İngiltere'nin Cambridge ve Huntingdon vilayetleri arasında inşa edilen A14 Otobanının inşaatı öncesinde yapılan incelemelerde otobanın 34. kilometresinde East Anglia vilayetinin Cambridgeshire kenti yakınlarında arkeolojik kalıntılar tespit edildi. Arkeologlar, otoyo inşaatı sırasında bugüne kadar 350 hektar yani yaklaşık 800 futbol sahasını içine alacak genişlikteki alanda çalıştılar.
İngiltere'de faaliyet gösteren iki arkeoloji şirketinin oluşturduğu MOLA Headland Infrastructure konsorsiyumundan yaklaşık 250 arkeologun, emektar arkeolog Kasia Gdaniec ve Dr.
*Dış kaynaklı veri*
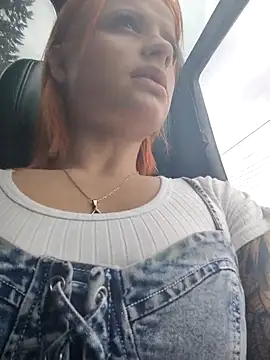 Cataleya 16 online show from 04/07/26, 03:45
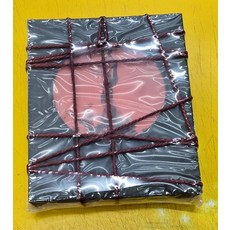 Jolin PLEASURE 七罪圖鑑 限量限定盤, 1CD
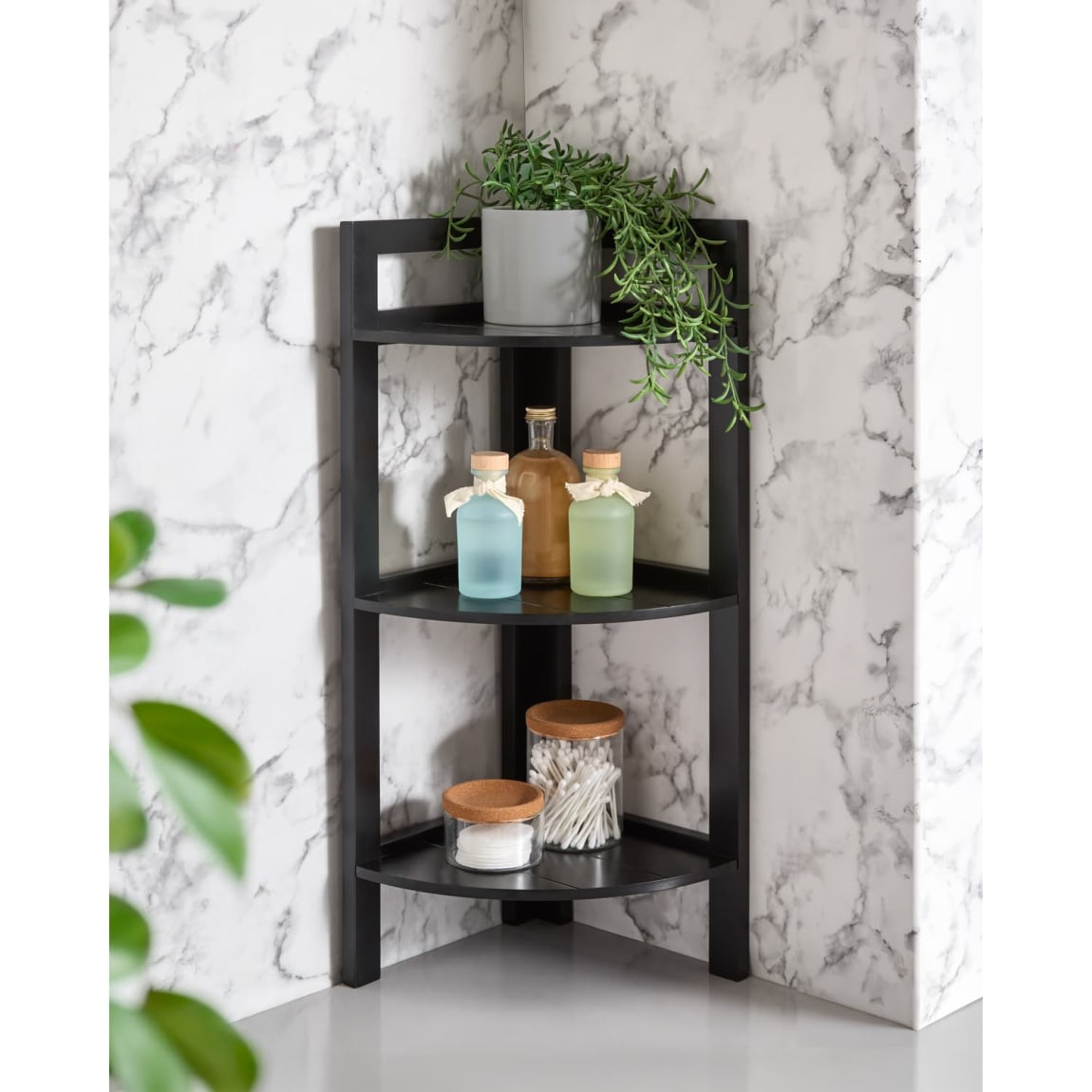 437646-maine-3-tier-corner-unit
Steve Sherlock liderliğinde gerçekletirdiği arkeoloji kazılarında geçici bir Roma askeri kampına ait olduğu tahmin edilen kalıntılara rastlandı. Çanak çömlek ve askeri malzemelerinde yer aldığı kalıntılar içinde en dikkat çekici buluntular, kafatasları parçalanmış ve bacakları kesilmiş iskeletler oldu.
Korku filmlerini aratmayan arkelojik manzara
Arkeoloji, sinemacılar açısından korku filmlerine kaynaklık eden fantastik ve gizemli bilim dallarının başında geliyor. İngiltere'deki kazılarda bulunan iskeletler de korku filmlerine senaryolar oluşturacak kadar ilginç ve gizemli özelliklere sahipti.
Alandaki kazılarda işkence edilerek öldürüldüğü anlaşılan 3 iskelet bulundu. Kafatasları darbeler sonucu hasar görmüş iskeletlerin bacakları da kesilmişti.
İskeletlerden ikisi T pozisyonu oluşturacak şekilde yanyana gömülmüştü. Bacakları ortada yoktu. Yapılan tüm aramalara rağmen bacak kemiklerine ait kalıntılar bulunamadı.
Yaklaşık 50 metre ötede bir kuyuda üçüncü iskelet bulundu. Onun da bacakları ortada yoktu ve bedeninde darbe izleri vardı.
Gizemli iskeletlerin bulunduğu alana set çekildiği sanılıyor
Arkeologları iskeletler kadar şaşırtan diğer bulgu iskeletlerin gömüldüğü alanın hemen önünde keşfedilen üç metre genişliğinde ve 1.5 metre genişliğindeki çukurdu. Bu çukurun savuma amaçlı kazılmış bir mevzi olması mümkün görünmüyor. Araştırmacılar büyük olaslıkla bu çukurun iskeletlerin bulunduğu alanın önüne çekilen set olabileceğini savunuyorlar.
İskeletlerin 1500 ila 2000 yılları arasında gömülmüş olduğu sanılıyor.
M.Ö.43 yılında Roma İmparator Claudius'un İngiltere'yi işgal için gönderdiği Aulus Plautius'un liderliğindeki 40.000 kişilik Roma kuvvetinin bu civara geldiği biliniyor. Öte yandan M.S. 5. ve 6. yüzyıllar arasında bölgedeki Anglo-Sakson akınları olduğu, iskeletlerin o zamandan kalma olabileceği de savunuluyor. İsketlerin yaşlarını belirlemek için laboratuvarlarda yapılan araştırmaların sonuçları bekleniyor.
Yürüyen Ölüler Korkusu bu dehşeti yaratmış olabilir
Cesetlerin neden parçalanıp bu şekilde gömüldükleri bilinmiyor. Şu an akla yakın iki ayrı senaryo söz konusu. Bunlardan birisi isyan çıkarak ve ordunun birliğini tehdi eden askerlerin ibret olsun diye işkence edilerek öldürülemesi. Bu senaryo iskeletlerdeki darbe izlerini açıklıyor ama gömülüş şekilleri açıklamada yetersiz kalıyor.
İkinci senaryo ise kötülük taşıyan ruhların ölümden sonra bedenlerinin tekrar dirileceğine dair inanışlar. O yıllarda cesetlerin mezardan çıkarak, çevreye dehşet saçtığına dair inançlar bu bölgede de çok yaygındı. Bu senaryoya göre cesetler dirilse dahi mezarlarından çıkamamaları için bacaklarının kesilerek yok edilmiş olması mümkün.
Guardian gazetesine konu hakkında demeç veren Londra Arkeoloji Müzesi arkeologu Jonathan House "Birilerinin gerçekten bu adamlardan hoşlanmadığı kesin ama onlardan neden bu kadar nefret ettikleri ya da korktuklarını anlamak mümkün değil" dedi.